It was clearly the intent of the forefathers in the American Presbyterian Church to establish, by the adoption of the Westminster Confession and Catechisms, a distinctly Presbyterian and Reformed Church. All future ministers and officers were to be required to subscribe to the Confession of Faith, in the same terms with which the 1729 Synod had subscribed. The 1972 Assembly, on the other hand, tries to assert that Presbyterianism has always been broad. It said "up until the second or third decade of this century, even with such differences as those between the Old and New Schools, there was, in contrast to today's wide divergencies, sufficient consensus in the essential and necessary elements of the faith to make the term fundamentals relatively clear and useful. In the present situation it is much more ambiguous, and whether it can still be useful will depend in part on the degree of theological unanimity now desired by the church. Meantime the Presbyterian Church in the U.S. operates with a detailed Confession, the fundamentals of which are interpreted with considerable latitude."
In this description of the present situation, the Assembly admits to the diversity of theological views now in the Church. It should be observed that the reference to the Old and New School differences in the PCUS is not accurate. The PCUS was historically an Old School Church, and their union with the New School Churches in the South was on Old School terms.
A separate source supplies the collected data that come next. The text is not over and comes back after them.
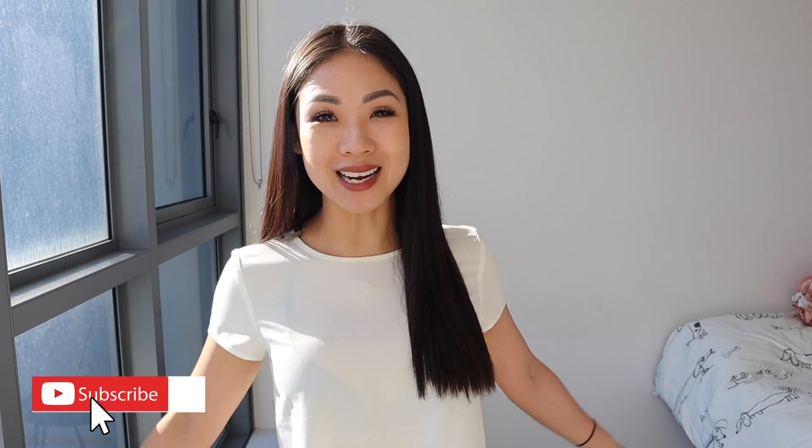Hi everyone, welcome back to another video. My name's Jessie. If it's your first time here, I hope you're all doing well. I make videos like this three times a week, so hit that subscribe button if you want to see more videos from me. In today's video, we are going to be doing an unboxing and try-on haul. I purchased some things from Topshop — I got some tops, skirts, and petite jeans. I can't wait to show you guys. Let's get started.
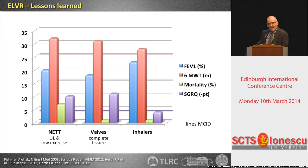Summarizing endoscopic lung volume reduction: comparing with the NETT trial for LVRS, with MCID markers for FEV1, six-minute walk test, and St. George's — the same values can be achieved with valves. But when you compare with inhalers — standard of therapy — especially in St. George's quality of life, inhalers are not able to do what we can do endoscopically or surgically.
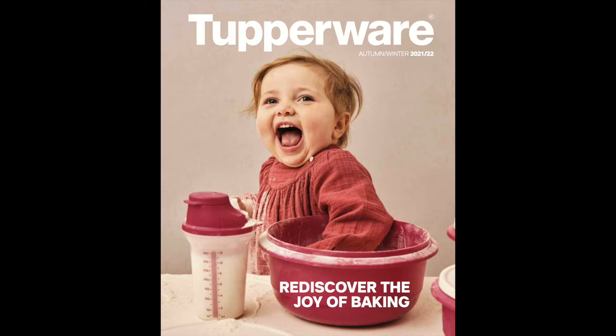Hi everyone, it's September 2021 and we have a brand new Tupperware catalogue, so I'm going to talk you through it. In these slides you will also see that I've changed the prices from euros to sterling, because we don't have a paper catalogue in the UK with sterling pricing, so hopefully this will help you.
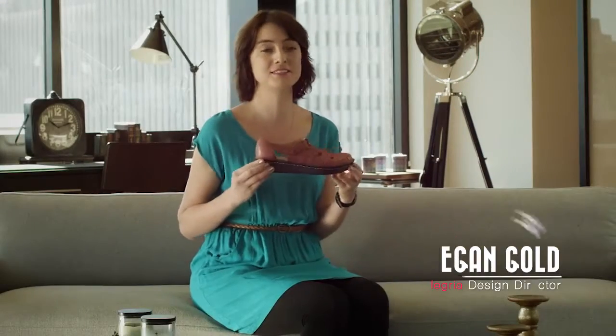Do you like to be casual and comfortable while staying cool? Well, the Allegria Pesca is the shoe for you.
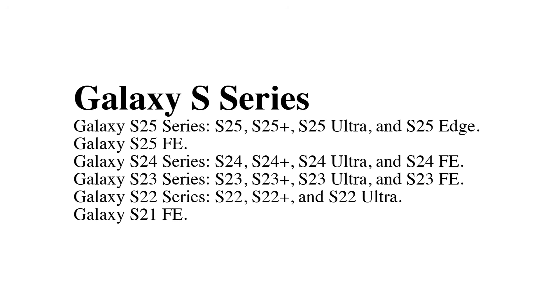Galaxy S series: Galaxy S25 series and S25 Edge, Galaxy S25 Fan Edition, Galaxy S24 series and S24 Fan Edition, Galaxy S23 series and S23 Fan Edition, Galaxy S22 series, and Galaxy S21 Fan Edition.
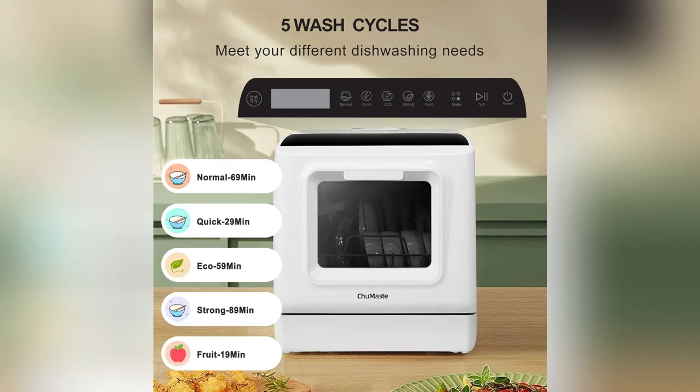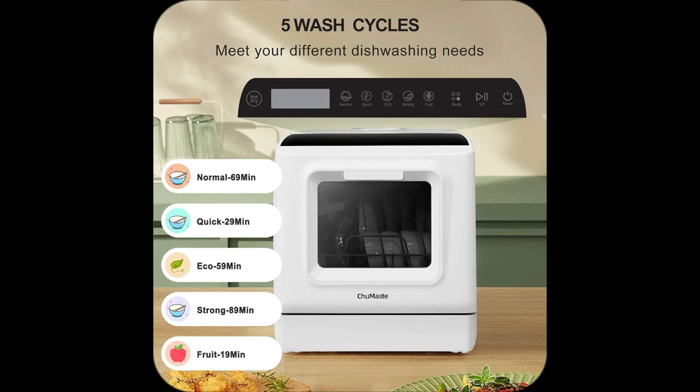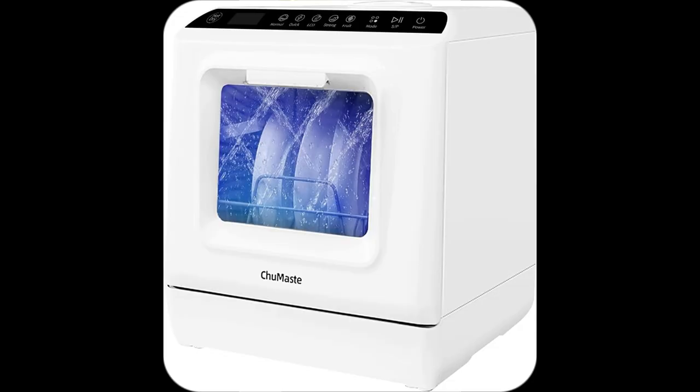Struggling with a mountain of dishes after a family dinner? I totally get it. That's why I love my Chewmasta compact countertop dishwasher. It fits snugly into my limited kitchen space, yet holds up to 12 place settings. Talk about efficient.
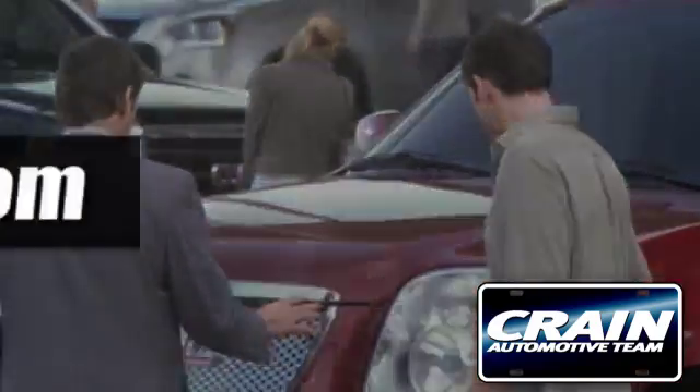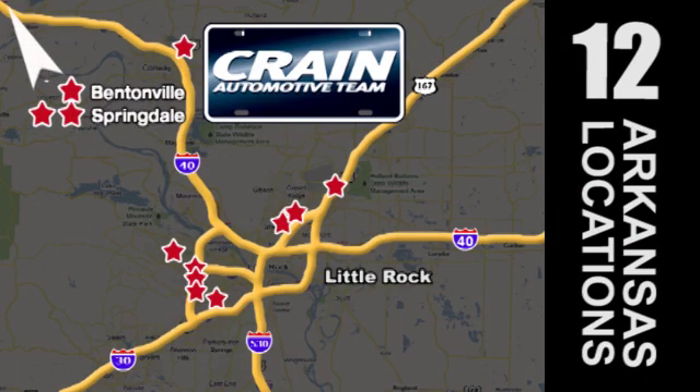Visit us anytime at craneteam.com. Go, go, craneteam's got em! craneteam.com.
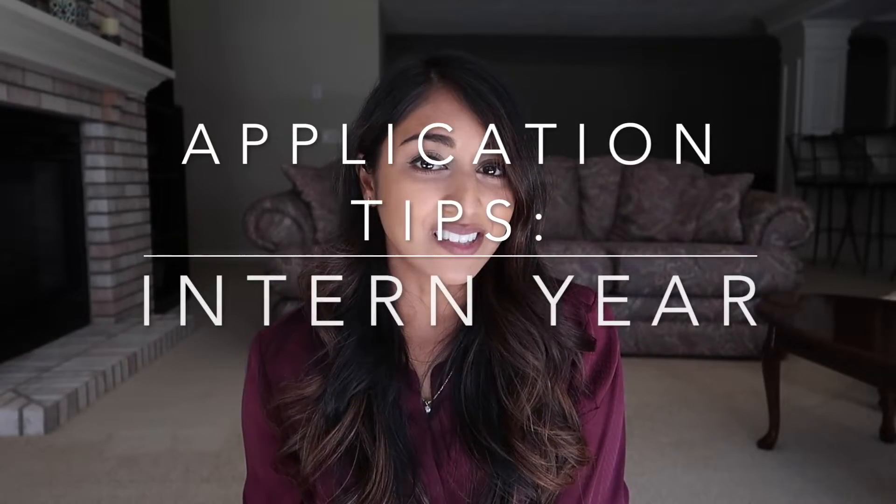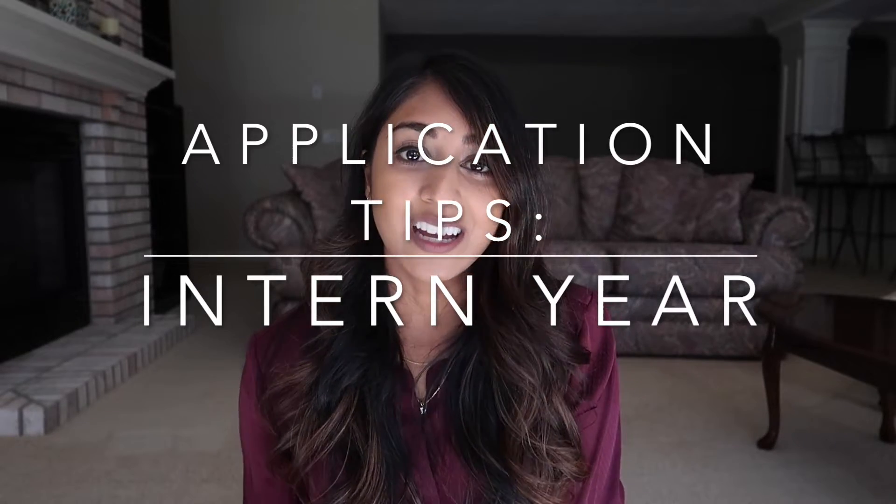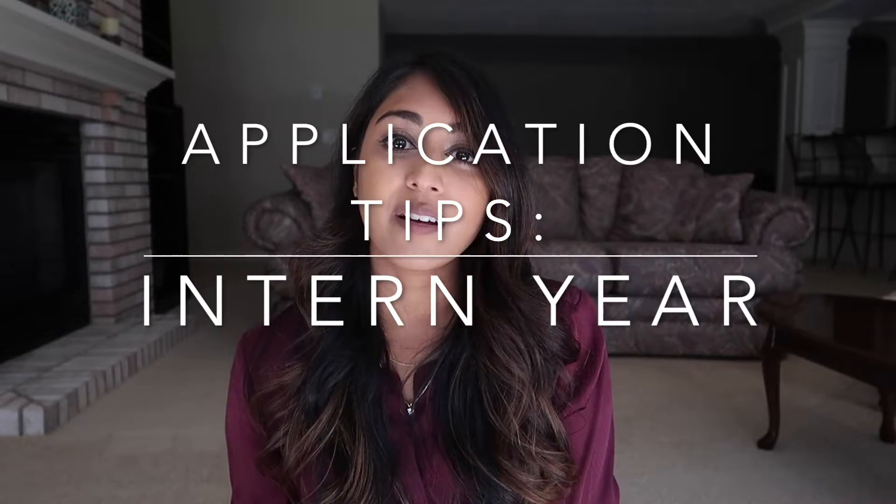Hi everybody, welcome back to my channel. I'm Yasha if you're new here. Today I wanted to talk about applying to prelim programs because I feel like these applications don't get enough love. We're so focused on getting into a residency that this medicine or surgery or TY intern year situation just gets a little bit lost and there isn't a lot of advice on the internet. So I thought today I would focus my video on this topic of intern year. The first thing I want to talk about is what are the three different types of intern years.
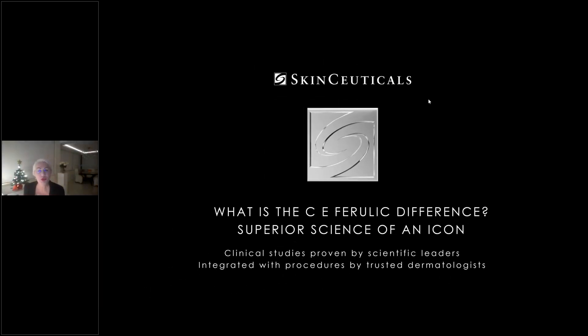Good evening. My name is Roxanne Chabot from RBC Consultants. Welcome to our webinar. This evening, the webinar will be with SkinCeuticals, and we are going to be discussing what is the CE Ferulic difference — a superior science of an icon.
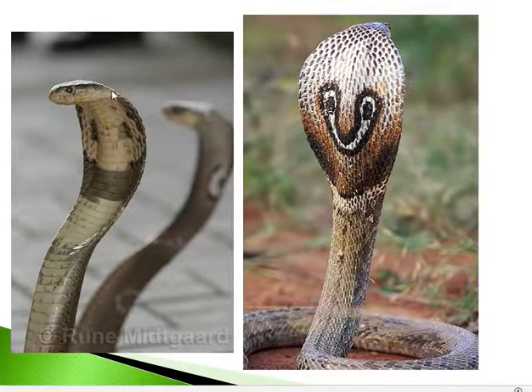The head scales of cobras are larger compared to other snakes. The vertebrals — meaning the scales on the mid-dorsal line of the body — are small in cobra. In contrast, when you study the krait, you will see that vertebral scales are larger and hexagonal. In cobra they are small.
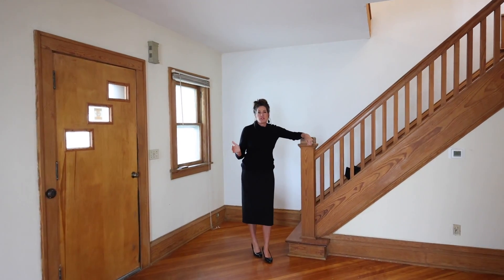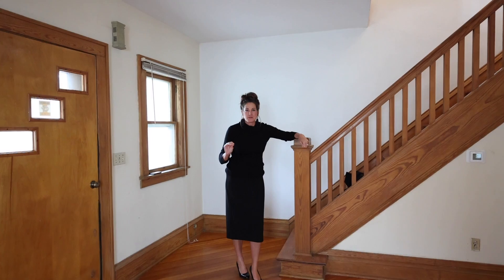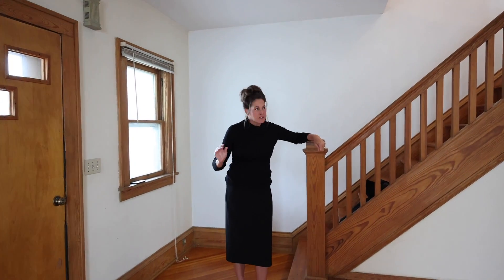When you think of this home, you think of endless possibilities with these original hardwood floors and staircase.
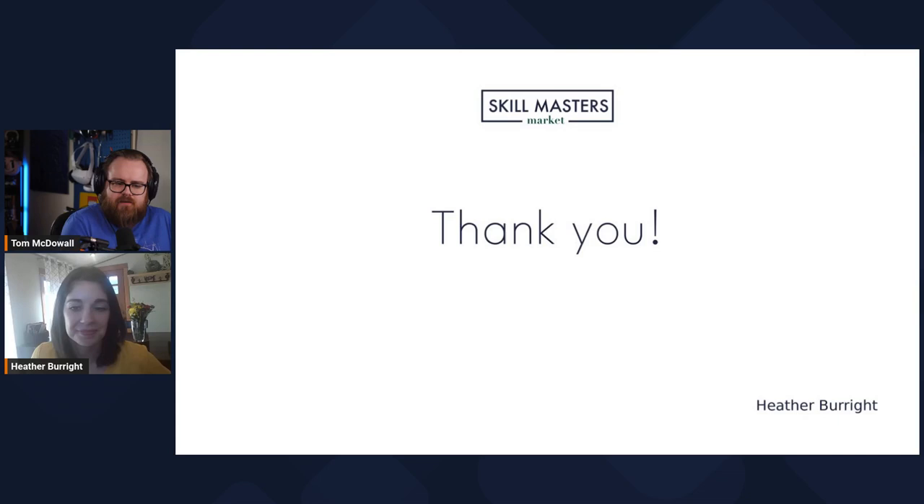Fantastic — Heather, thank you so much. That is a fantastic session, loads to go away and think about. Thank you, everyone, for joining us. We are now approaching the final session of day one. The final session starts at 7:15 GMT, just under half an hour's time. It will finish at 8 p.m. UK time. Heidi Kirby will be delivering our end-of-day keynote: Instructional Designers and Leading Projects — a great final topic. But until then, Heather, thank you again for taking the time to talk to us. We will see you later. Thank you.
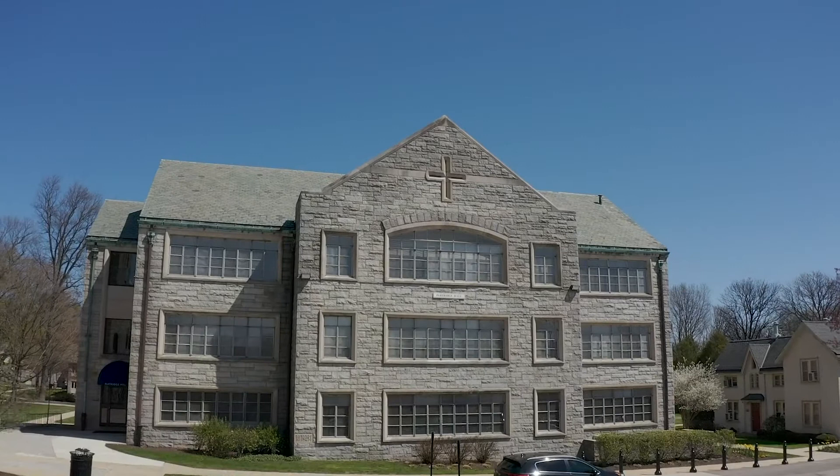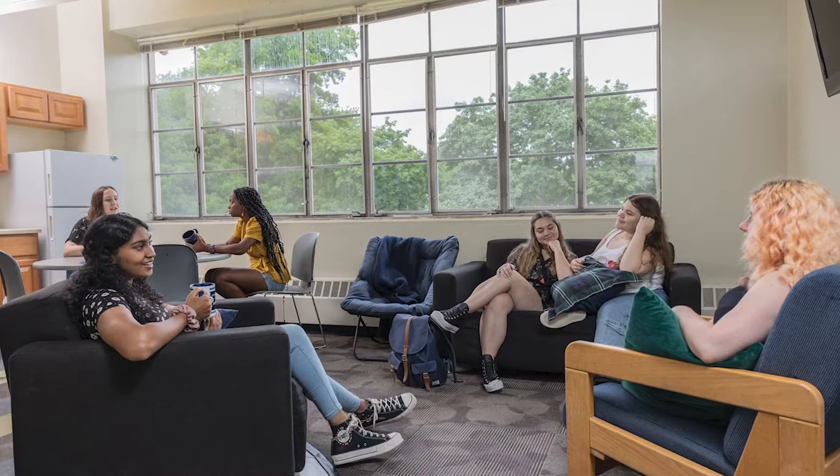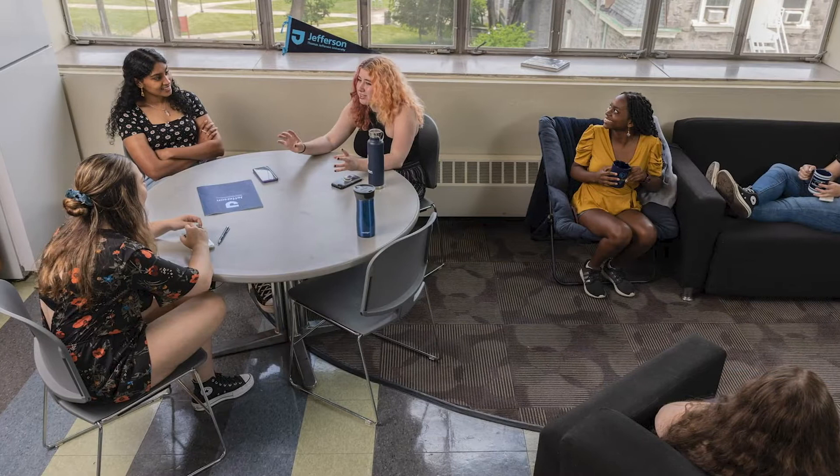Located on the Ravenhill side of campus, Partridge Hall is a first-year residence building that is co-ed by floor. The building is air-conditioned and includes a study lounge with a kitchen. The lounge has several vending machines.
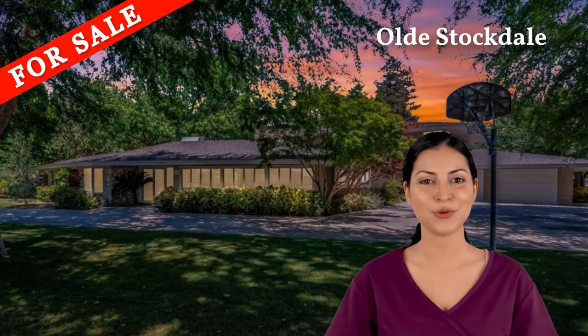Welcome to 910 Fairway Drive. This property is located in the desirable neighborhood of Old Stockdale.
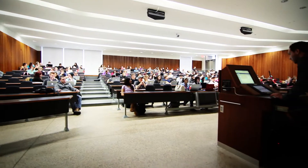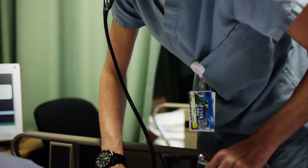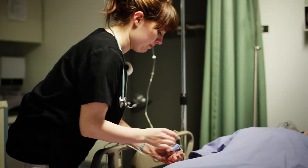As well, the Toldo Health Education Center boasts a $1 million state-of-the-art clinical learning center where nursing students have the opportunity to engage in more than 200 simulation learning scenarios.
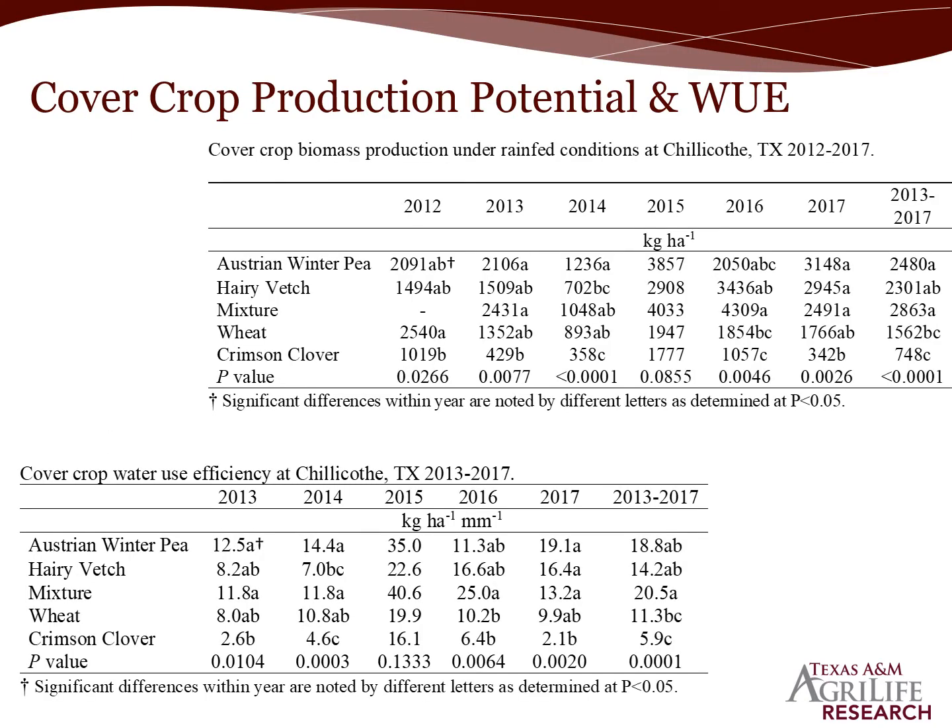To answer question number one about cover crop production potential and water use efficiency: Dr. Wayne Keeling had done some cover crop research interseeding in cotton in the late 80s and early 90s and found fairly good success for some species. We evaluated this at Chillicothe as well. In recent years, looking at Austrian winter pea, hairy vetch, and a mixture including cereal rye, along with crimson clover — over a six-year average, pea and vetch were our best producers. These cover crops were seeded after cotton harvest, so later than optimum.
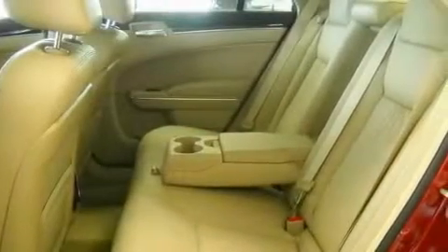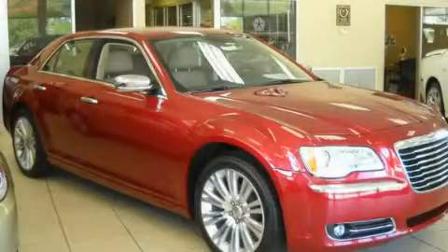A traction control system, an anti-lock braking system, and cruise control. This vehicle is sure to sell fast. Call and arrange your test drive today.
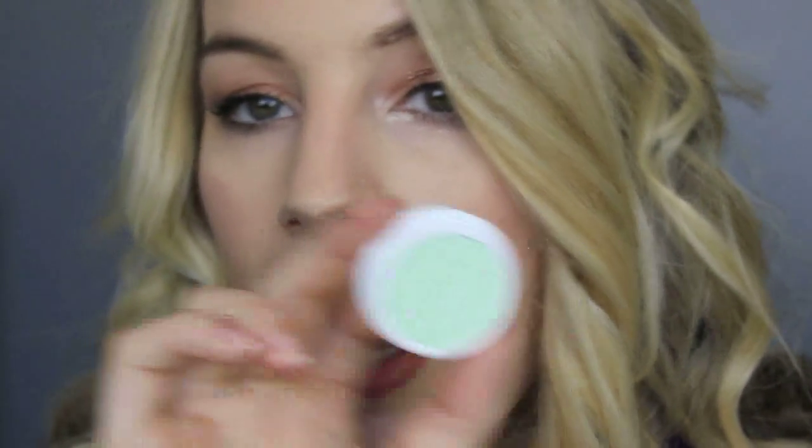I also got a matte shadow called Flux — this is the second matte I've gotten from them. It's kind of unexpected for me, getting out of my comfort zone, but it's a really pretty bright seafoam green color. The reason I got it was an Instagram post from ColourPop showing a girl wearing a super neutral look with this color all around the inner corner — it was so pretty and I thought I might be able to do that. Oh my goodness, it is just so creamy — it almost looks white on camera.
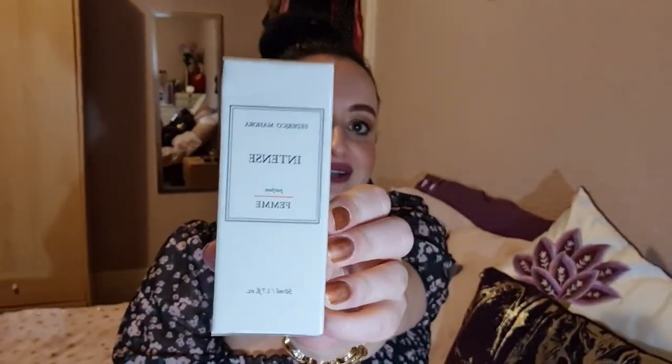This box is so big! You can see it says 'Intense' on the box, and the number is on top. When you open it, it says it in the middle as well. I'm going to open this one in a minute. We've also got some cosmetics.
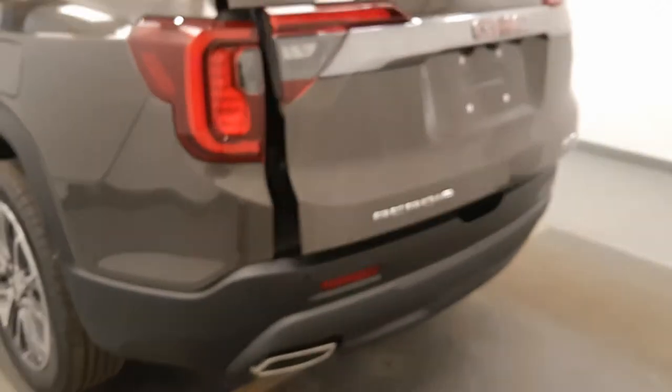Moving on to exterior features, we have alloy wheels, rear parking assist, backup camera, remote trunk release, power hatch, and more cargo space.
There is a sense in which the modern problems can be likened to that of the Old and New School conflict of a century ago. It is true that the liberals of today have imbibed various new elements of theology as contrasted to the New School Church of a century ago, but both hold to loose subscriptionism. Both hold that the Church may be involved in more than the spiritual mission given by Christ in His Great Commission. It would have been more accurate for the 1972 Assembly to have admitted that the PCUS had been essentially an Old School Church, until the second and third decade of this century. Since that time there has been a distinct change in the stance of the PCUS to the effect that the Old School theology and viewpoint are found only in the minority, at least at recent General Assembly meetings. Now the Assembly, however, seeks to justify a broad church view, in contrast to the historic position of the PCUS.

IV.Departures of the Confession and Catechisms -- Changes Enacted
Many of our friends insist that before a separation can legitimately take place, we need to have a change of confessional stance. It is interesting to observe that the PCUS has already made a number of changes in her confessional documents. We shall not try to list all of these, but give a reference to the most significant ones. In 1939 there were a number of grammatically and linguistic changes which tended to weaken the position of the Church's Confession on a number of points.
One of the more significant changes took place in 1942, when the Assembly approved the insertion into the Confession of two chapters entitled "Of the Holy Spirit," and "Of the Gospel." The Committee which had made the original recommendations in 1937, that were finally adopted in 1939, had made a study about the possibility of such chapters being added to the Confession, and had concluded that they were not necessary. They included in their report the teachings on these subjects found throughout the Westminster Standards, which made it unnecessary to have new, separate chapters added to the Confession. Essentially, the chapters proposed are those found in the Confession of the PCUSA. These chapters had been adopted by the denomination in order to encourage the reunion of the Cumberland Presbyterians with the PCUSA Church.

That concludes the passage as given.